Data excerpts
—————

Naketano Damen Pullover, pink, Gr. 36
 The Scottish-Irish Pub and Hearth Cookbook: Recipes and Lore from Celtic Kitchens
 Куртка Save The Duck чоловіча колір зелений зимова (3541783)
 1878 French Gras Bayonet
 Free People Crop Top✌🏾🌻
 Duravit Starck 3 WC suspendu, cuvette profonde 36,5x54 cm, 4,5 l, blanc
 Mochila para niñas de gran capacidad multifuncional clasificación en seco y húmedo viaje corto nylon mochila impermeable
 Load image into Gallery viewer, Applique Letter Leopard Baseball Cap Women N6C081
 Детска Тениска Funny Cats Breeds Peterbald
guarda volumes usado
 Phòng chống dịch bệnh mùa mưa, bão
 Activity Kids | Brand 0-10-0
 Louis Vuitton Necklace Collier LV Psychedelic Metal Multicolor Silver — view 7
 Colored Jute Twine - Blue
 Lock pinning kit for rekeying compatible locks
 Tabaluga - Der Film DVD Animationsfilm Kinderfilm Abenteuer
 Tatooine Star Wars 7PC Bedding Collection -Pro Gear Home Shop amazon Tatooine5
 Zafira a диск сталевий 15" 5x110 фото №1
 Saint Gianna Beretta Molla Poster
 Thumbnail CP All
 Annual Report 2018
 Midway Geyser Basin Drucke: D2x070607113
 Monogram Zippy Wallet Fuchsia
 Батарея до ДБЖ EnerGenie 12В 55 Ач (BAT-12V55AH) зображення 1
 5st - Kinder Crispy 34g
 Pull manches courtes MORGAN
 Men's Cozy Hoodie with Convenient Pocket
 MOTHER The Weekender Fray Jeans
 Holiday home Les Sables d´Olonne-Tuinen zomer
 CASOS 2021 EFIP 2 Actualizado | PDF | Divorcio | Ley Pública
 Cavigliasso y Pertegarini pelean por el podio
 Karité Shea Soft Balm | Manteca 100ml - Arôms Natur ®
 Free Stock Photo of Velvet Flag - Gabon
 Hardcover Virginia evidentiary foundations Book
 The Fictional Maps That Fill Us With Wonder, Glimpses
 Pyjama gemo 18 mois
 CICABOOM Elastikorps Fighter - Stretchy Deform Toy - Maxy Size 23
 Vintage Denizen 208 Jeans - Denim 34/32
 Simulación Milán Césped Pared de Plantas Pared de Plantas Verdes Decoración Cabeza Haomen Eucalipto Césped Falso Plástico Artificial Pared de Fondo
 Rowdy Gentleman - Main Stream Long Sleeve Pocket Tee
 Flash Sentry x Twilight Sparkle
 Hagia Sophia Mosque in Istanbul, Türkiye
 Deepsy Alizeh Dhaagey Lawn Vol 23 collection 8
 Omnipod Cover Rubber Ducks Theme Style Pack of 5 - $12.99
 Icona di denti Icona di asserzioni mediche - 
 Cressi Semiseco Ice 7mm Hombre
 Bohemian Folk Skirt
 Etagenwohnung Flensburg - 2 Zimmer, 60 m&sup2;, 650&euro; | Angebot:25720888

—————

Task directions:
Which lines of the records above contain the word "Pocket"? Show each of them.

Solution:
 Men's Cozy Hoodie with Convenient Pocket
 Rowdy Gentleman - Main Stream Long Sleeve Pocket Tee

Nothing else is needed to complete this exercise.